A blank page can mean you're facing a PHP error. Check your logs or activate debug. – Patrick Simard Jul 24 '17 at 21:53
No one will know what's wrong since the OP refuses to answer any questions. It's hard to help someone that won't help us help them. You could even call it "a waste of time". – M. Eriksson Jul 24 '17 at 21:54
We tried...We really tried.

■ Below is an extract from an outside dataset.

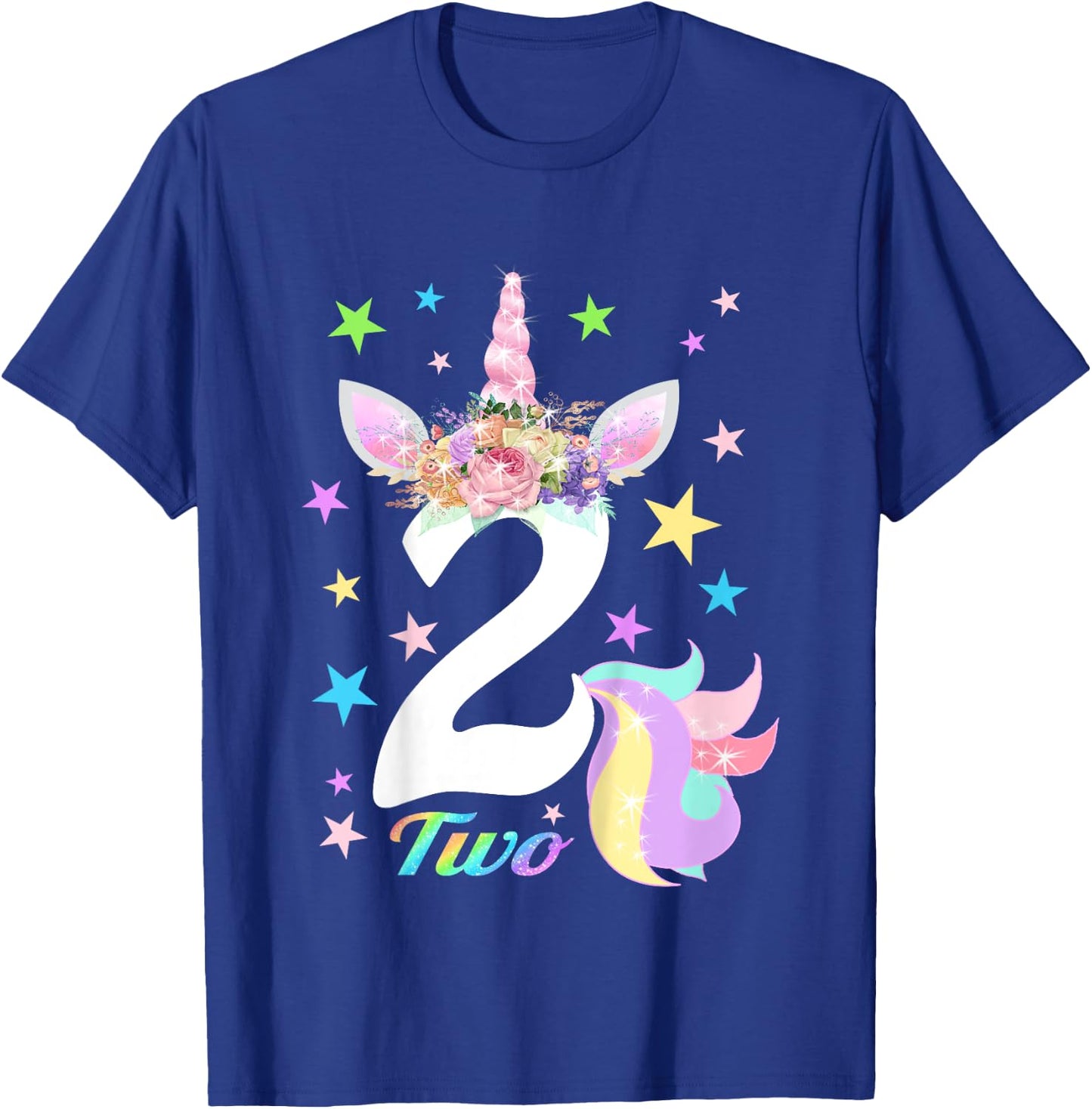 Number 2 (Two) Unicorn 2nd Birthday Shirt for 2 Year Old T-Shirt - T-Shirt | Royal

Ciao. – ficuscr Jul 24 '17 at 21:56
when i try to check connection, it apears to be working, i tried with it shows me as 0 and 1, whatever is there. but trouble is i am not able to translate that 1 and 0 to Active and Suspended keyword. – Ankit Sinha Jul 24 '17 at 22:07

Dallas Caley · Answer 2 · 2017-07-24T21:58:02.660

1

First i would try your query directly in the database to make sure that it works, then try the following:

<?php 
    $result = mysqli_query($con,"SELECT status FROM `e_customer` WHERE account='$username'");
    $row = mysqli_fetch_assoc($result);
    echo ($row['status'] == "1") ? "Suspended" : "Active";
?>

If nothing still then try doing a var_dump of the $con variable and also the $row variable. see if you are even connecting and/or getting a result back.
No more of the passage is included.